Truth, Power, and the Crisis of Forensic Independence
Why laboratories expel truth-tellers instead of confronting error.
My latest editorial, Truth, Power, and the Crisis of Forensic Independence, has just been published in Forensic Science International: Synergy. The article examines the structural forces that shape how forensic evidence is interpreted, presented, and, at times, suppressed.
I focus on the sociological, anthropological, and historical patterns that explain why institutions repeatedly expel those who threaten their authority.
The Core Problem
Forensic laboratories claim scientific independence while operating under the administrative and financial control of law enforcement hierarchies. This fundamental structural conflict undermines the credibility of forensic science itself.
When scientists challenge prosecutorial narratives or expose systemic problems, they frequently face professional retaliation, forced resignations, or career marginalization. The editorial argues these aren’t isolated incidents but symptoms of a deeper governance failure.
Historical Parallels
The piece draws parallels between ancient mechanisms of enforcing orthodoxy and modern institutional responses to dissent. I draw on historical parallels of dissenters who resisted the pull of power to modern-day examples of lab whistleblowers.
The mechanisms of punishment have changed throughout history, but the purpose remains the same: to preserve institutional legitimacy by marginalizing the dissenter.
Documented Cases of Retaliation
The editorial examines several cases:
Gregory Ohlson (Arizona DPS): Forced into early retirement after testifying that laboratories should disclose full batch data, despite federal acknowledgment that his speech was constitutionally protected.
Darcy Richardson (Vermont): Reported that technicians were artificially spiking control samples. Her warnings were ignored, and courts later dismissed cases on the very grounds she had identified.
Bethany Pridgen (Wilmington Crime Lab): After testifying about missing drug evidence and laboratory mismanagement, authorities transferred the entire lab out of city control to eliminate her position.

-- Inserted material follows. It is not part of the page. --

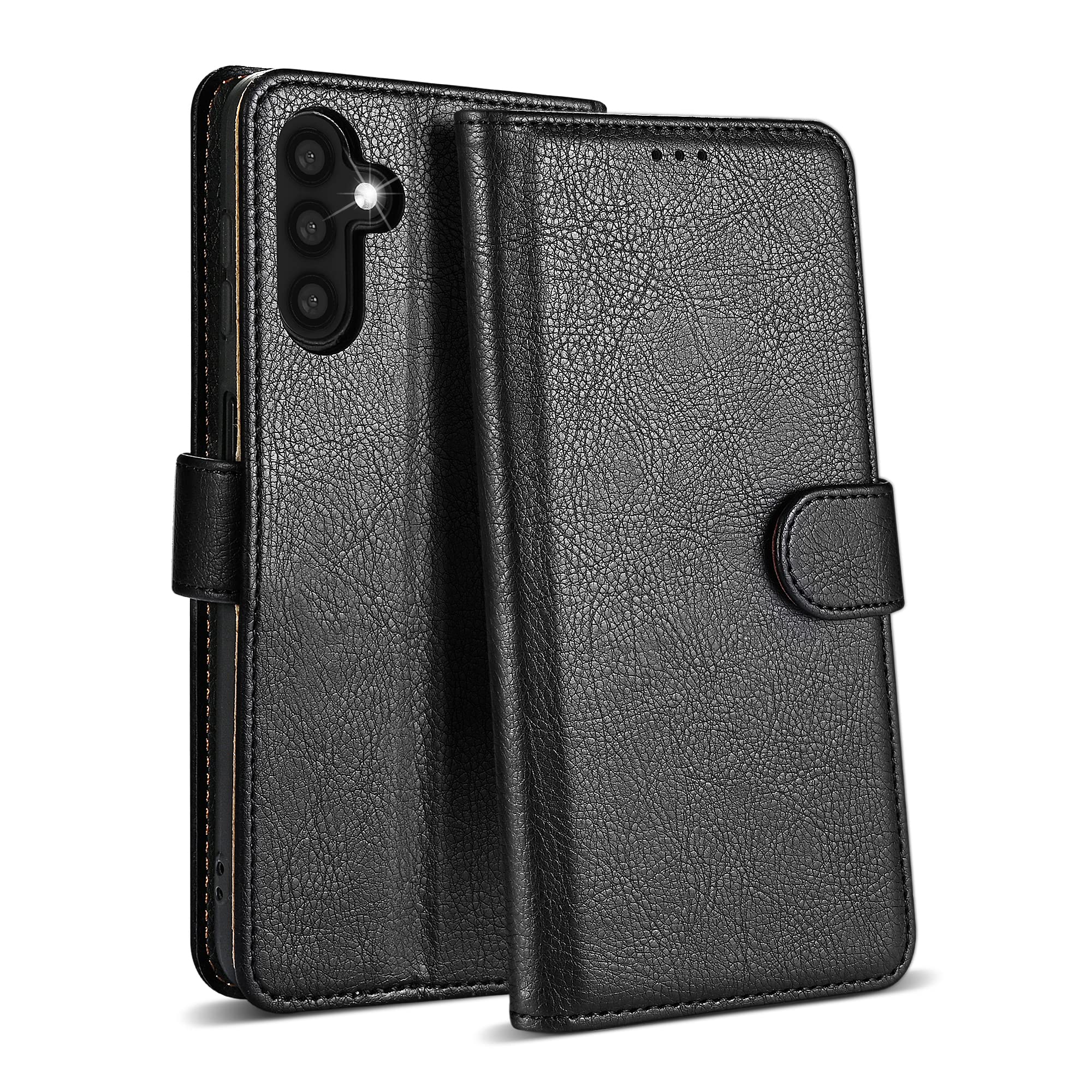 Premium Samsung Galaxy A14 4G/5G Leather Wallet Case - Shockproof Flip Cover with Kickstand & RFID Blocking Card Slots (Black) | Perfect for Business Travel, Commuting & Daily Protection
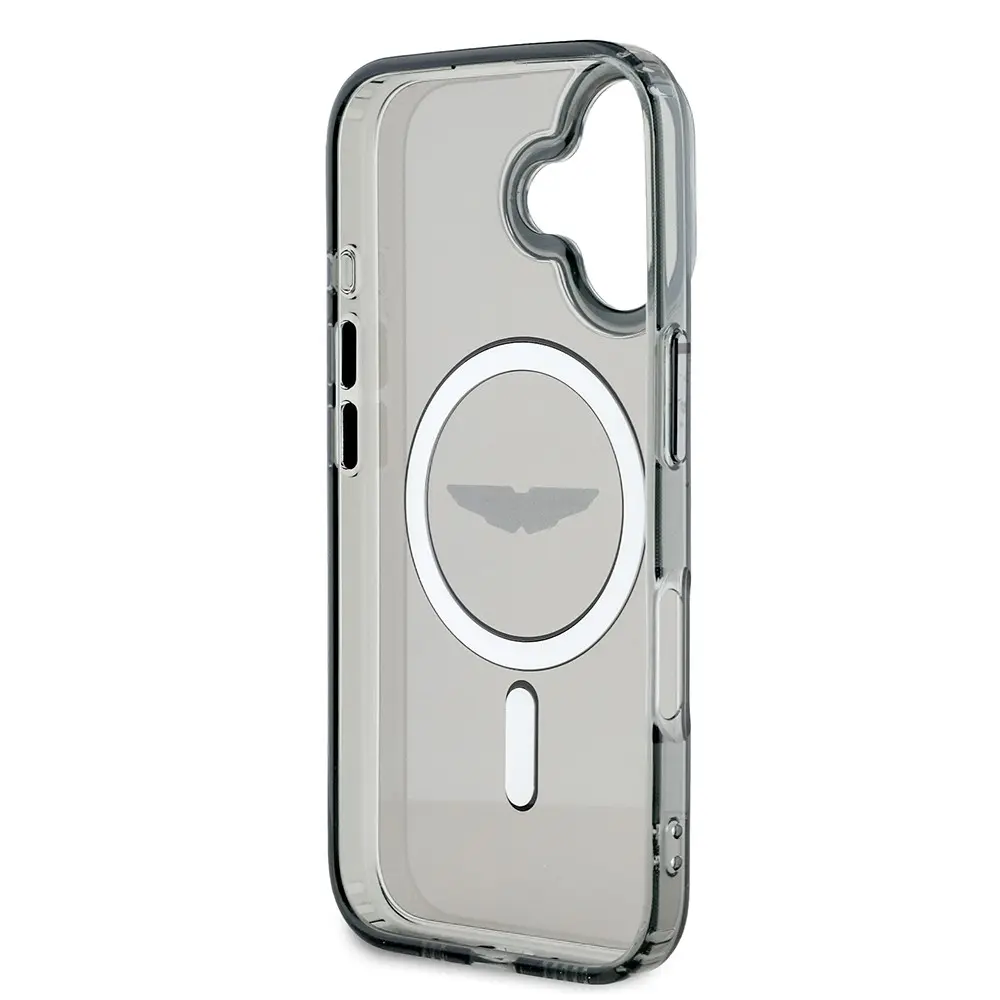 Apple iPhone 16 Kılıf Aston Martin Orjinal Lisanslı M-safe Şarj Özellikli IML Baskı Logolu Buzlu Kapak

Itiel Dror (Cognitive Psychologist): His methodologically sound research on cognitive bias in forensic pathology provoked intense backlash; not because his research was flawed, but because its implications were uncomfortable.
The Scapegoat Mechanism
These cases reveal how institutions protect their authority not by confronting error, but by expelling those who reveal it.
Drawing on René Girard’s theory of scapegoating, I analyze how communities preserve unity by expelling the individual who exposes the internal contradictions of their shared myths.
In forensic science, the myth is that state laboratories are impartial guardians of truth. When someone undermines that belief, the institution responds with expulsion rather than reflection.
The Path Forward
More than fifteen years after the National Academy of Sciences warned that forensic laboratories cannot claim objectivity while operating under law enforcement control, the institutional framework remains largely unchanged.
We need change. I’m calling for:
Genuine scientific independence: Forensic laboratories governed by scientists, not law enforcement hierarchies.
Mandatory full disclosure: Complete transparency in methods, data, and results available in online discovery portals.
External peer review: Independent oversight from external experts outside of the system.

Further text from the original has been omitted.